Listen to this story
|
In July 2022, the Meta AI protein team released the Evolutionary Scale Modelling, or ESM, for protein structure prediction. The model has been trained on 15 billion parameters—one of the largest language models of proteins evaluated to date.
Check out the code for ESMFold here.
The team claims that ESMFold has been trained to predict full atomic protein structure directly from language model representations of a single sequence.
We have trained ESMFold to predict full atomic protein structure directly from language model representations of a single sequence. Accuracy is competitive with AlphaFold on most proteins with order of magnitude faster inference. By @MetaAI Protein Team.

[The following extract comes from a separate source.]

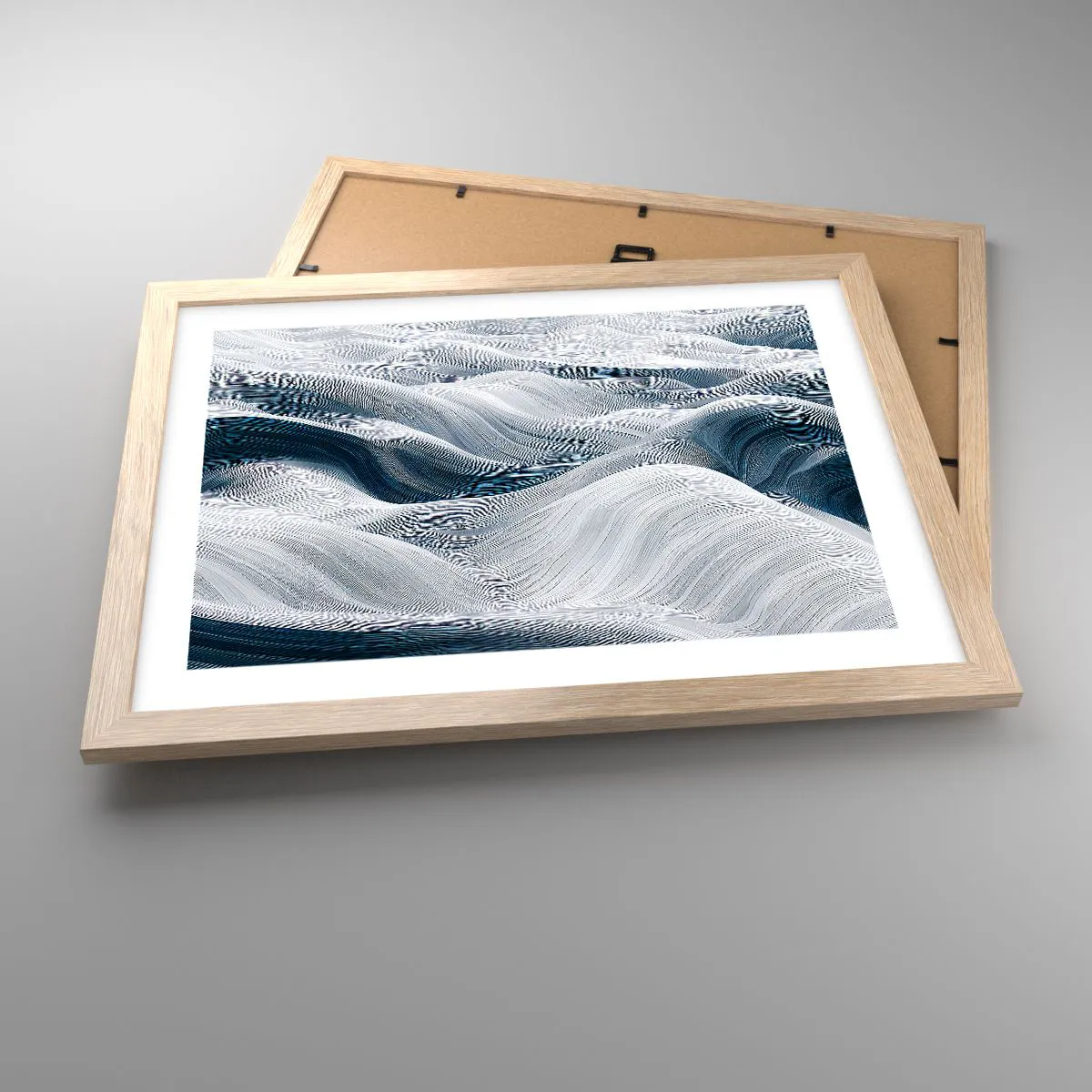 Poster in einem Rahmen aus heller Eiche - Weiße und blaue Wellen - 40x30 cm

— Alex Rives (@alexrives) July 21, 2022
https://t.co/APVoaawyOb pic.twitter.com/f6DvSfjuOX
Over the years, the team has launched several models, with its latest model being released to the public. According to Meta AI, AlphaFold 2 and RoseTTAFold have similar accuracy, but ESMFold inference is faster in enabling the exploration of structural spaces of metagenomic proteins.
The team said that the improvements in language modelling perplexity and learning of structure continue through 15 billion parameters. Further, they said that its latest model, ESM2 at 150 million parameters, is better than its older model ESM1b at 650 million parameters.
ESMFold—How it works
Meta AI team said as ESMFold processes a protein sequence, an image of the protein’s structure materialises in its internal states, which then enables atomic resolution prediction of the three-dimensional structure—even though the language model was only trained on sequences.

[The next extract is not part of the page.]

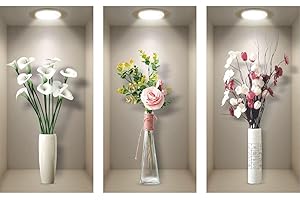 ESFIVHO 3er Set Wandtattoo 3D Effekt Vase 56x28cm - Wandaufkleber Selbstklebend mit Blumen Grüne Pflanzen Baum Bonsai - Wandsticker Wandbild für Büro Kinderzimmer Küche groß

Amazing. We did see this also come up in ProGen – Large language models captured 3d structure through its attention.https://t.co/0oK7coEMV6
— Richard Socher (@RichardSocher) July 24, 2022
Further, the team said that there are billions of protein sequences with unknown structures and functions—many from metagenomic sequencing. The latest model makes it possible to map this structural space in practical timescales. “We were able to fold a random sample of 1 million metagenomic sequences in a few hours,” claimed Meta AI researchers.
The team believes that ESMFold can help to understand regions of protein space that are distant from existing knowledge.